→ **WORK INSTRUCTION**: What is needed is an exact copy of the lines in the listing below, from the one with "GA3010IR AUTO-CENTER - 1.ALTERNATOR" up to and including the one with "FORD Puma d’occasion à vendre à CHAMBERY", with no other lines.

→ **AVAILABLE DATA**:
···

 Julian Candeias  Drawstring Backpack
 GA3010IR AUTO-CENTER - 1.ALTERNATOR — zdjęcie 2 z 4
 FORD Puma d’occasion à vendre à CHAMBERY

···

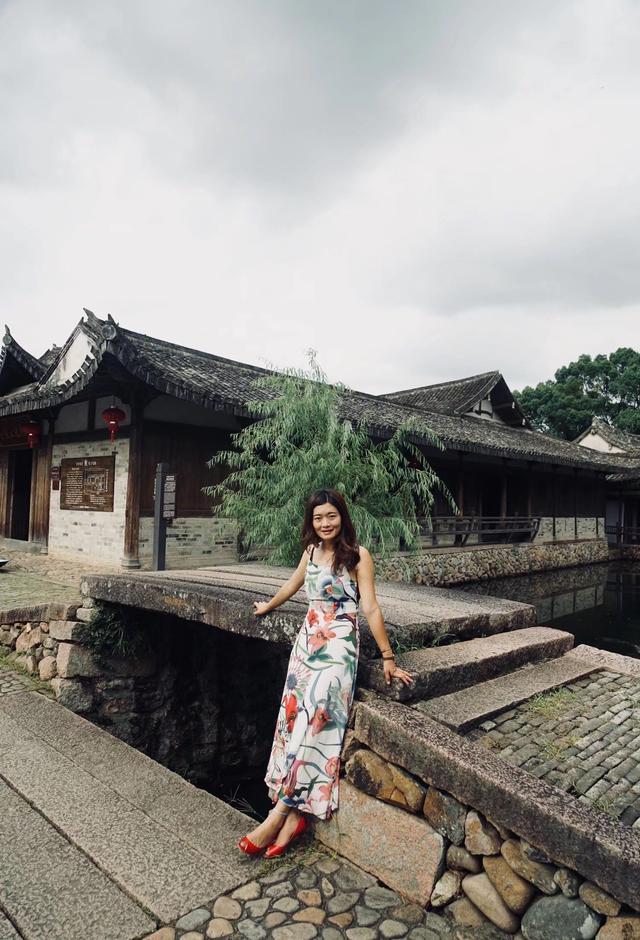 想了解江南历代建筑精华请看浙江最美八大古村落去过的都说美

···

→ **ANSWER BOX**:
 GA3010IR AUTO-CENTER - 1.ALTERNATOR — zdjęcie 2 z 4
 FORD Puma d’occasion à vendre à CHAMBERY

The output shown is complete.